WHAT IS EXPECTED.
From the entries below, copy out all lines holding "Toyota".

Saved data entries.
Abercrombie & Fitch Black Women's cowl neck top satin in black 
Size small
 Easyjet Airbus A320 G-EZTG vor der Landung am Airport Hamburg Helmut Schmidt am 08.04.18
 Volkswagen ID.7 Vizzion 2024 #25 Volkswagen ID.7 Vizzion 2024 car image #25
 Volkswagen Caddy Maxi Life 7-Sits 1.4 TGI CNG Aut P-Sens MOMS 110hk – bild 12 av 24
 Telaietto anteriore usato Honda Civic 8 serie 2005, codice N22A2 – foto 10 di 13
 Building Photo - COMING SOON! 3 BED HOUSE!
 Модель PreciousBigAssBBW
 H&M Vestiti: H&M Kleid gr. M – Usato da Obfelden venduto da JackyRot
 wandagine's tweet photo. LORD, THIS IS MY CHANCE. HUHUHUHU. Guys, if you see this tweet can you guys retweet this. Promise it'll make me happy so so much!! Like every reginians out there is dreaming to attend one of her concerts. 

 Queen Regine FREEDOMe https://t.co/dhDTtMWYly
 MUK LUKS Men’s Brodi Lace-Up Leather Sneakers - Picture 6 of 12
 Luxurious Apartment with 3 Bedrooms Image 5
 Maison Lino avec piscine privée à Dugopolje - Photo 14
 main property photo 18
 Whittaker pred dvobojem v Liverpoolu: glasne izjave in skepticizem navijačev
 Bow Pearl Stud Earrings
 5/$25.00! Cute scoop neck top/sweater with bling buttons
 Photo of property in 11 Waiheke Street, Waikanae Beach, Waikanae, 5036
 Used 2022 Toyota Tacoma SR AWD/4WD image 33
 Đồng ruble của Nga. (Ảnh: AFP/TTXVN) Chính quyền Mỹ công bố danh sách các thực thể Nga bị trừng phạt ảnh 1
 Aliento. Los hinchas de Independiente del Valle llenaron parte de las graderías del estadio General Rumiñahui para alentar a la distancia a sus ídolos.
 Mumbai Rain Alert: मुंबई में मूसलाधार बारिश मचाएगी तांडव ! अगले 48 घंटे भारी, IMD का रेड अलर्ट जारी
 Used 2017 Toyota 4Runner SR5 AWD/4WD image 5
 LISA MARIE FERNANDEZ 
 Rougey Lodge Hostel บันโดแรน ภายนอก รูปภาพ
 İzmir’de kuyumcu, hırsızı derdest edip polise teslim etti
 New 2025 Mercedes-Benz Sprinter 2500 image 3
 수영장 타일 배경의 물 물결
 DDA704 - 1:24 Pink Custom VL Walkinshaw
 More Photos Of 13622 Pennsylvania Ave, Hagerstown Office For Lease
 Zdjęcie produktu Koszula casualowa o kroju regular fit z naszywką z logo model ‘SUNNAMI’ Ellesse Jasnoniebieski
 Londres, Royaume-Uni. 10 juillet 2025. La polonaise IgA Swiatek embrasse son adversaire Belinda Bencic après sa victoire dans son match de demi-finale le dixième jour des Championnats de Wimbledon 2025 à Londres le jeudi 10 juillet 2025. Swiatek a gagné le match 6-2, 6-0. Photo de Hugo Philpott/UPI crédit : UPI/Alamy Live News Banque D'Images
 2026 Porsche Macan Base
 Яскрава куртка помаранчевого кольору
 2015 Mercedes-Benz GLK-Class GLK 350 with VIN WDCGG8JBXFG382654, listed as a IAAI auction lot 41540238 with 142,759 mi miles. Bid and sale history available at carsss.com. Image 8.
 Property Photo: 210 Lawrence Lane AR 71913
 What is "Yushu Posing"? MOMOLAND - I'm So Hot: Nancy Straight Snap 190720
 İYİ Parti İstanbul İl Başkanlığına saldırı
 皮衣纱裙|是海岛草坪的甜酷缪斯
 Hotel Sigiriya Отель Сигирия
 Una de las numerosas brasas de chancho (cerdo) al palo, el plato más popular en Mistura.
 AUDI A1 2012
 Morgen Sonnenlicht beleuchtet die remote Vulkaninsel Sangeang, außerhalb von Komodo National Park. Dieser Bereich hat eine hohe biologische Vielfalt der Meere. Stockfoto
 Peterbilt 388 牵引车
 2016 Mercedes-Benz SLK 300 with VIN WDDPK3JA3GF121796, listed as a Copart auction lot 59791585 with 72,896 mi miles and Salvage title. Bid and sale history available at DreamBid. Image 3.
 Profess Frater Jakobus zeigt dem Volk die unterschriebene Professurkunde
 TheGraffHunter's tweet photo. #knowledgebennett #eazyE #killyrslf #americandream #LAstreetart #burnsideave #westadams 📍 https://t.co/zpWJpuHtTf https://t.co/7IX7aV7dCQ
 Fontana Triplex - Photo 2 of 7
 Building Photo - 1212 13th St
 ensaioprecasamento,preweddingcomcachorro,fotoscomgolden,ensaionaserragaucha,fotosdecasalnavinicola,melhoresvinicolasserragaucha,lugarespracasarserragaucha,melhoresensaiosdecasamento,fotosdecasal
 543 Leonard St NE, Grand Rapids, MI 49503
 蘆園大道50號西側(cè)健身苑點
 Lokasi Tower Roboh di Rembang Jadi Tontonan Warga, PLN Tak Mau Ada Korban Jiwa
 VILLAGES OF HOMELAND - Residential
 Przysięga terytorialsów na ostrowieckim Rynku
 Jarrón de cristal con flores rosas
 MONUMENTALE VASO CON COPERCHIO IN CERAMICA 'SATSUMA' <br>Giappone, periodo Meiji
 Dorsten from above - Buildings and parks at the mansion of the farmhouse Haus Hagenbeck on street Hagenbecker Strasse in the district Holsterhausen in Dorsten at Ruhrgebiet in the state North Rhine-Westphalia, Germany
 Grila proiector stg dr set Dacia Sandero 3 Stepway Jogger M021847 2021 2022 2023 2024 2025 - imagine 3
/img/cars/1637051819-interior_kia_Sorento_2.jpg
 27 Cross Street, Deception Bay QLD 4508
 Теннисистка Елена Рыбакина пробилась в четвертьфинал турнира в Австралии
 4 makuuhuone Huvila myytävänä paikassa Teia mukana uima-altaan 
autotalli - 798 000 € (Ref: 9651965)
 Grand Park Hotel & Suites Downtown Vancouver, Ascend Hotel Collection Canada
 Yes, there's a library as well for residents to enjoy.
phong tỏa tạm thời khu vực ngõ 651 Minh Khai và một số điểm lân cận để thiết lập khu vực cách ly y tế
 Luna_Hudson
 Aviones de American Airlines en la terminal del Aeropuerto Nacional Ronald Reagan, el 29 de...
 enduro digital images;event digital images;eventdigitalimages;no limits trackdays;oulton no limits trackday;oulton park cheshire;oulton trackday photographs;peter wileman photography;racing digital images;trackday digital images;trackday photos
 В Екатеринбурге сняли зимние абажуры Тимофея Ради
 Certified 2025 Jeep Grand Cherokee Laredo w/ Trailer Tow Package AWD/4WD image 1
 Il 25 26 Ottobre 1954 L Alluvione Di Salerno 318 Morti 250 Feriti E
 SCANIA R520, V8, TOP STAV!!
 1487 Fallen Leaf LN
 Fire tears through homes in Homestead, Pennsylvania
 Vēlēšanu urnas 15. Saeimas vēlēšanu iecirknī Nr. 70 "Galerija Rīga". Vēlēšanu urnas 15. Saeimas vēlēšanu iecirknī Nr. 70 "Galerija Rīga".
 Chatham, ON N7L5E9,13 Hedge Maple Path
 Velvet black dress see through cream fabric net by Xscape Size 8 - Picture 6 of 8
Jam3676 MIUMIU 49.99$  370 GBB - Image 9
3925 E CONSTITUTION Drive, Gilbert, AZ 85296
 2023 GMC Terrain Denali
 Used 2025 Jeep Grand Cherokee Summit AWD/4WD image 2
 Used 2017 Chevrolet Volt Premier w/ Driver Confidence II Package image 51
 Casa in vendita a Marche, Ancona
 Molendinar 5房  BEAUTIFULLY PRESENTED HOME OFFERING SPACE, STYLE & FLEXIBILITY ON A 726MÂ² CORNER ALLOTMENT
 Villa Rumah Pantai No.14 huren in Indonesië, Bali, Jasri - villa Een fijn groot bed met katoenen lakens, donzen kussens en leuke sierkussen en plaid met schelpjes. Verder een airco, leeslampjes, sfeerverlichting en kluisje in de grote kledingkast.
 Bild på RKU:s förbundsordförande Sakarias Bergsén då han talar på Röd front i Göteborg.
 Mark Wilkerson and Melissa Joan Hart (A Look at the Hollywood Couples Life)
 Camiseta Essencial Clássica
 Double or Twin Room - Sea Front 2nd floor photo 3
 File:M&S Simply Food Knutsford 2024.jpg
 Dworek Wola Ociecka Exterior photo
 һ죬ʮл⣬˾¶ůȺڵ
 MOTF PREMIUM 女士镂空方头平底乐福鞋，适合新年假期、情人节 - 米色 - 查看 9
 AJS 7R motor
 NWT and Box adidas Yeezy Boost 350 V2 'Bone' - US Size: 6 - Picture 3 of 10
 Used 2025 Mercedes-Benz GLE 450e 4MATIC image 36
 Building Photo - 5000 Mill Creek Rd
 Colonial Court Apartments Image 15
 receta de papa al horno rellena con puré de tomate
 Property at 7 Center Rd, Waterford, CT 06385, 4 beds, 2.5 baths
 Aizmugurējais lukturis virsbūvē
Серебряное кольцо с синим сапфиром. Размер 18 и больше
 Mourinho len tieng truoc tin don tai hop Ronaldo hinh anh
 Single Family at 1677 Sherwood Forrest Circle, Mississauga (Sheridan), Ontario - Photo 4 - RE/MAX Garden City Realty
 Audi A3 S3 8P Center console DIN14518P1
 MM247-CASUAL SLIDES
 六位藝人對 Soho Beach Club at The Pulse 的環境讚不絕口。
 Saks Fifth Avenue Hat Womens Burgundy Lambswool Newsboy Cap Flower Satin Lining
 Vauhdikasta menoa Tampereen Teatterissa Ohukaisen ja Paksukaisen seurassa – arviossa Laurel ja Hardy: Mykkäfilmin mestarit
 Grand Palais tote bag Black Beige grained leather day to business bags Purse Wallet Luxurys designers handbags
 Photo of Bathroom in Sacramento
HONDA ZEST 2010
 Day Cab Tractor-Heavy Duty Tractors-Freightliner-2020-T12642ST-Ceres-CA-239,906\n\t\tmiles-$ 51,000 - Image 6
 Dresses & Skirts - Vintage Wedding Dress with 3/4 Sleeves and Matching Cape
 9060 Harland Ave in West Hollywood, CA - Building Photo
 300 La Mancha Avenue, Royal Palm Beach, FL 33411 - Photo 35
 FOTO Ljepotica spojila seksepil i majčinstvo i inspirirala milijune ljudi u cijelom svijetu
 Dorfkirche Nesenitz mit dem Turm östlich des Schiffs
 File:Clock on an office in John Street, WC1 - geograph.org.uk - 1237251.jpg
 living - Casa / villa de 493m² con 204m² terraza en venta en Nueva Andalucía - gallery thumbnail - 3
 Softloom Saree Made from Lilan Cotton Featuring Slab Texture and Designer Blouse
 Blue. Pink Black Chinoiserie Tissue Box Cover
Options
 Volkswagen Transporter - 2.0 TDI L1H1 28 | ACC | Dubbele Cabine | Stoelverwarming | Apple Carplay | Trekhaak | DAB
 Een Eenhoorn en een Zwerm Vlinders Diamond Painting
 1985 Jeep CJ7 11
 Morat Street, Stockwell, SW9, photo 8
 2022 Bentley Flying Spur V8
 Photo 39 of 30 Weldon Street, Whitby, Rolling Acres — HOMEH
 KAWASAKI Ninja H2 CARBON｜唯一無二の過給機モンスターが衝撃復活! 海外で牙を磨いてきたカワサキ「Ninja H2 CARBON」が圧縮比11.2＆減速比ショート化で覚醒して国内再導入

EXERCISE SOLUTION.
 Used 2022 Toyota Tacoma SR AWD/4WD image 33
 Used 2017 Toyota 4Runner SR5 AWD/4WD image 5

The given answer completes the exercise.